[[ AVAILABLE DATA open ]]

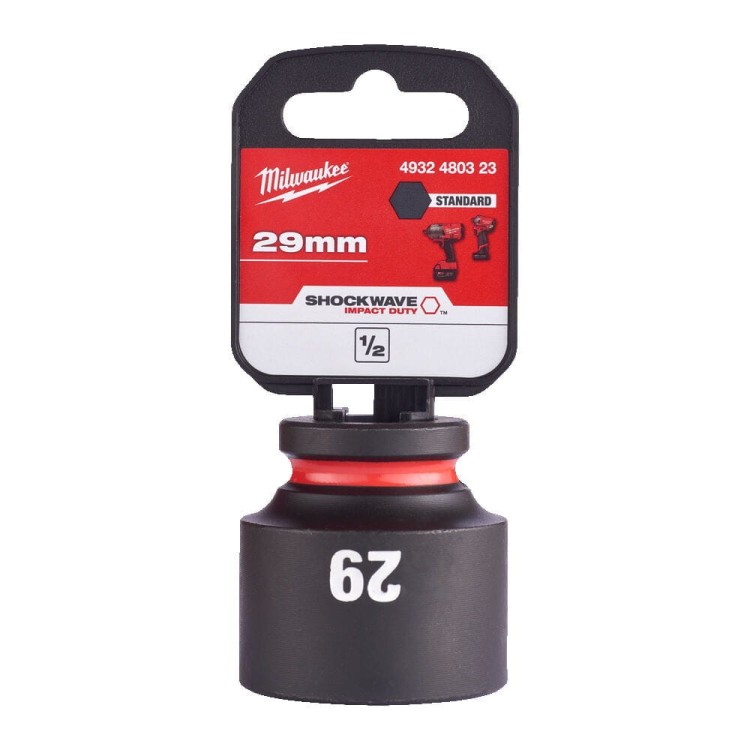 Hex socket ShW 1/2 STD 29mm-1pc 4932480323 - techniktools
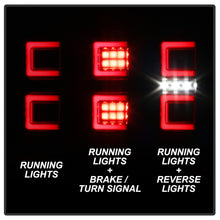 Load image into Gallery viewer, Spyder Auto 5085740 LED Tail Lights for Select Toyota Tacoma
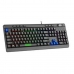 Spilletastatur Sparco SPMEMKEYBOARD Spansk Qwerty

[[ AVAILABLE DATA closed ]]

INSTRUCTIONS FOR THE TASK >> Transcribe exactly the lines above, running from the one that contains "Load image into" through the final line of the listing, and skip every picture.

RESPONSE BOX >>
 Load image into Gallery viewer, Spyder Auto 5085740 LED Tail Lights for Select Toyota Tacoma
 Spilletastatur Sparco SPMEMKEYBOARD Spansk Qwerty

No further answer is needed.